Las condiciones físicas y materiales, junto con el egoísmo y la racionalidad como condiciones creadas a partir de la existencia de la naturaleza que moldea las relaciones sociales primarias y la existencia o no de propiedad, deriva en una situación en que la propia naturaleza deja de ser inmutable. Las condiciones primarias humanas dan paso a las condiciones secundarias humanas, en las que las personas, de forma individual o colectiva, somos capaces de moldear la naturaleza a nuestra propia voluntad. En el desierto, el viajero perdido percibe que puede materializar sombras para protegerse del ardiente sol allí donde nos las había, creando una sombrilla, o teniendo la capacidad de cazar alimento mediante la elaboración de una lanza con una roca y un palo. Los individuos podemos someter parte de la naturaleza a nuestra voluntad.

Y e allí cuando aparece la libertad. Es en el instante en que la naturaleza deja de ser una basta extensión a la que sometemos nuestras condiciones primarias cuando los deseos se abren en su máximo esplendor. Empezamos a desear cosas que no son solo para sobrevivir –como crear una lanza o una sombrilla, disponer de agua o alimento –sino que son para mejorar nuestro propio bienestar –ya no queremos dormir en el suelo arenoso, sino en una cómoda cama dentro de una caliente tienda resguardada de la fría noche del desierto –y que están condicionadas por nuestras condiciones físicas y materiales. La intención de desear deja de ser la de sobrevivir, sino la de una más humana y elevada: la autorrealización.
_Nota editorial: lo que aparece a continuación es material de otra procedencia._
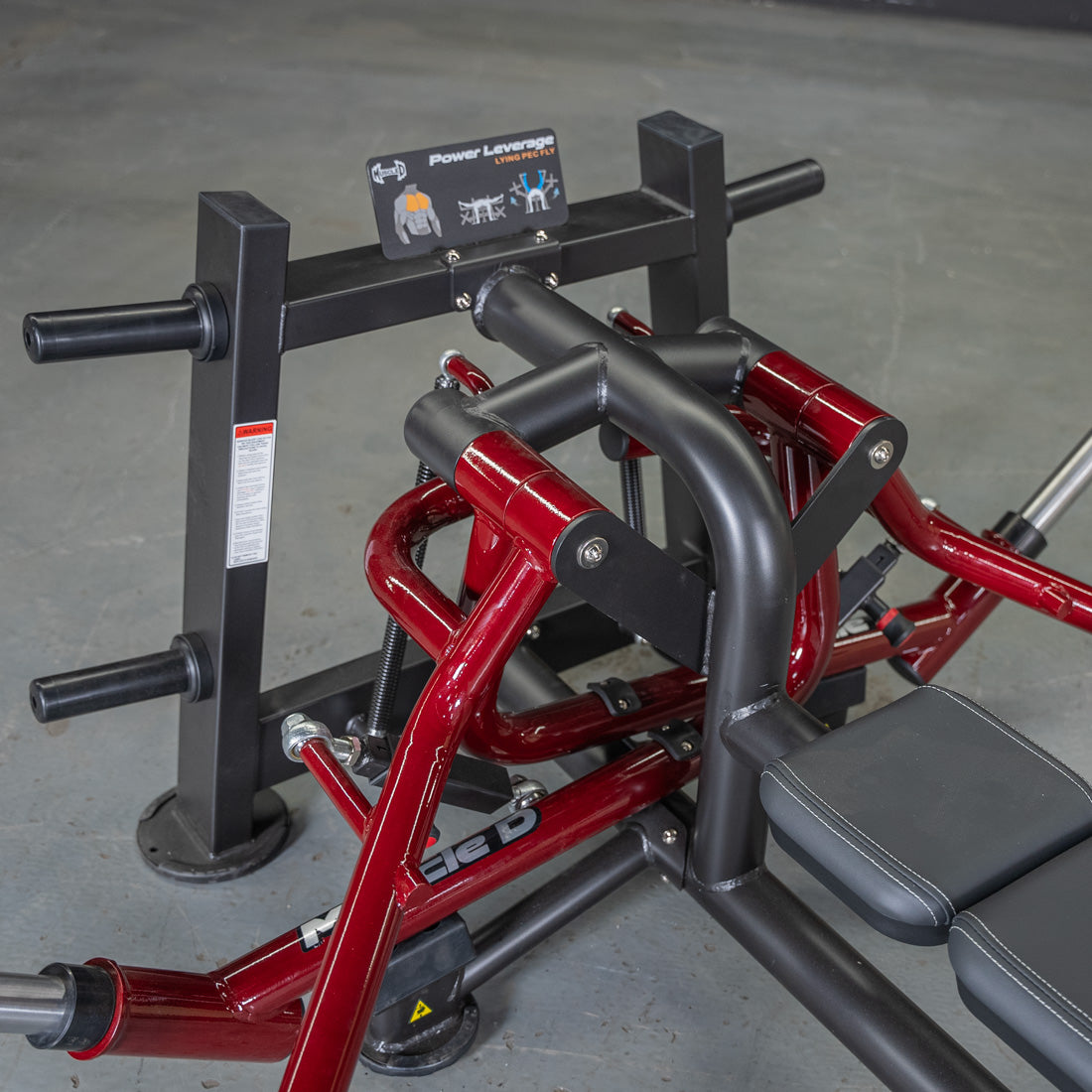 muscle d fitness commercial plate loaded black and maroon power leverage v2 lying pec fly machine detail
Desde nacimiento, nuestros deseos, que recordemos provienen del egoísmo y la racionalidad, están condicionados por las características innatas. Las expectativas de futuro no son las mismas para todas las personas pues los individuos son física y materialmente diferentes entre ellos. Incluso las relaciones sociales, que ya han dejado de estar en manos de la naturaleza y son propias única y exclusivamente de la voluntad humana, condicionan los deseos y las expectativas de vida.
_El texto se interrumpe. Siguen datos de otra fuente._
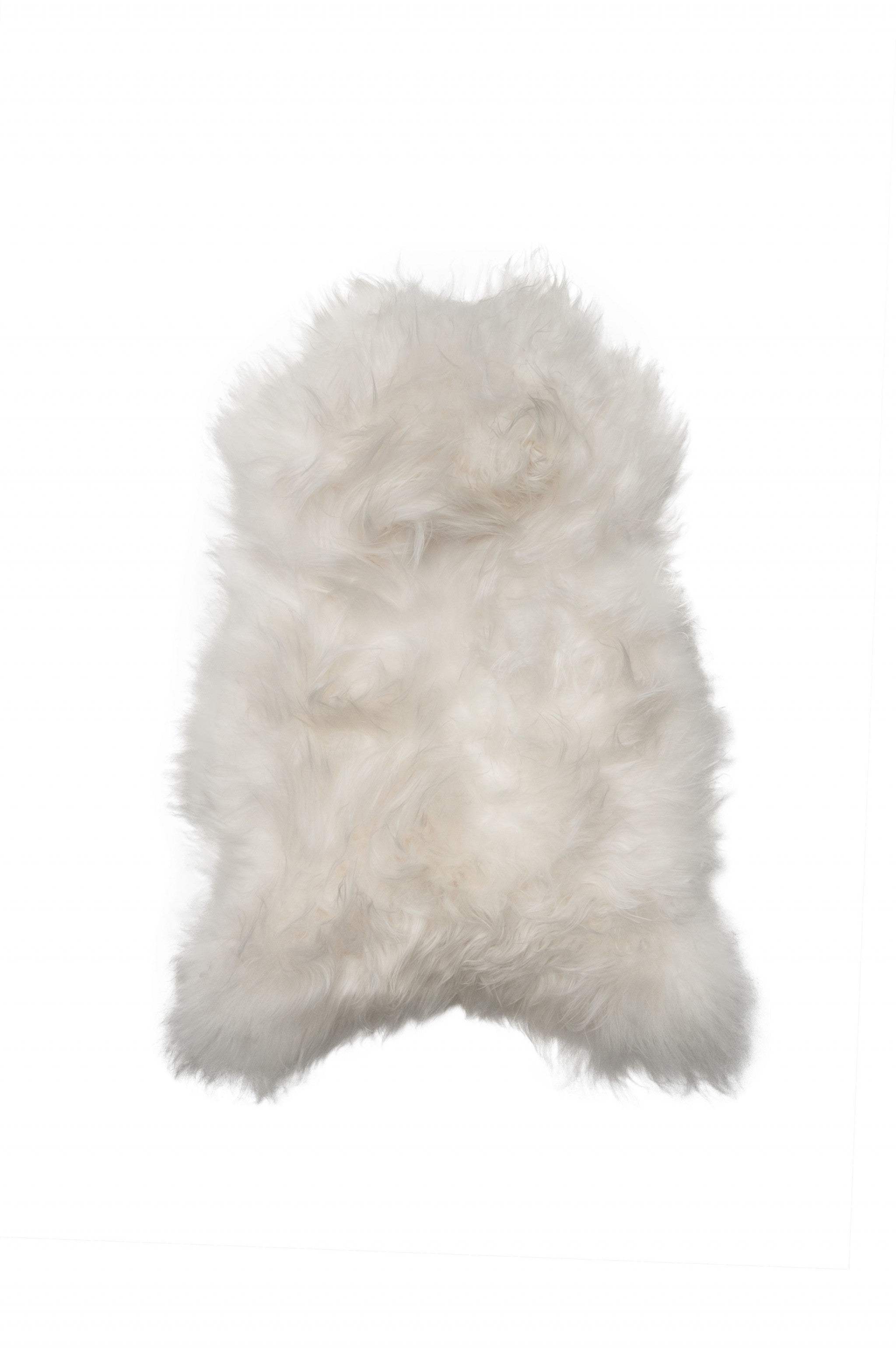 2' X 3' White Natural Wool Long-Haired Sheepskin Area Rug - Image 4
Pero de todas las expectativas de vida, hay una que está por encima de todas. Aquella meta alcanzable en la que más arriba, no hay nada. Un deseo tan elevado que, al realizarlo, los demás deseos parecen insípidos y faltos de esfuerzo. Y éste es el “deseo único”, última meta de la realización humana que lleva directamente a la libertad de los individuos bajo este sencillo pretexto: si no hay ningún deseo más allá del “deseo único”, diferente para todos los individuos, su realización implica haber superado todas las restricciones y adversidades, moldeado la naturaleza y las relaciones sociales a tu completa voluntad y dominado las condiciones físicas y materiales a tu favor. Cualquier deseo es realizable después de lograr el “deseo único”, pues todos están debajo de él y, por lo tanto, su dificultad ya no es equiparable ni superior. La libertad es tanto actividad –definición positiva clásica, vinculada a los filósofos greco-romanos –cómo ausencia de restricciones al movimiento –definición negativa moderna, vinculada a filósofos de la modernidad como Hobbes o John Locke -.
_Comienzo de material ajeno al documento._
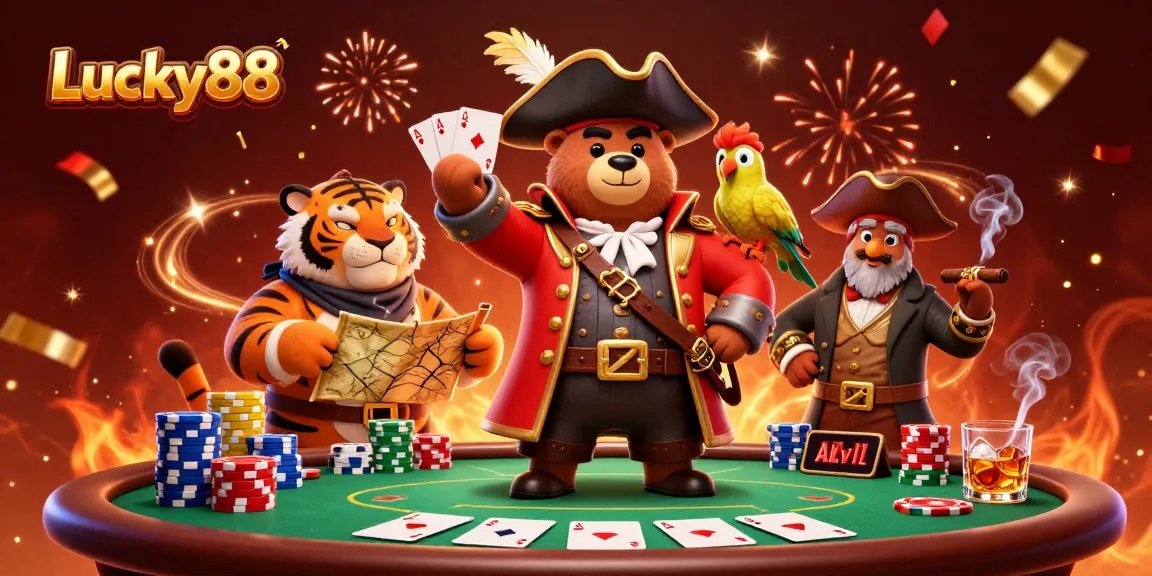Experience the thrill of Lucky88 with pirates, poker chips, and vibrant casino energy!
El transeúnte del desierto tendrá deseos menores de supervivencia, deseos elevados de autorrealización y bienestar y un “deseo único” que hará que el resto de deseos parezcan diminutos frente a él: encontrar el oasis, cumbre de todas sus aspiraciones vitales y meta difinitiva del arduo viaje. A qué tipo de oasis se quiera llegar dependerá de sus condiciones innatas, de sus relaciones sociales y de su capacidad para moldear la naturaleza. Aunque, como la vida misma, el desierto seguirá manteniendo su existencia alrededor de los individuos andantes, extendiéndose por las bastas arenas infinitas mientras, rastreando el camino al oasis escondido en el horizonte, marcamos las huellas de la vida sobre las dunas.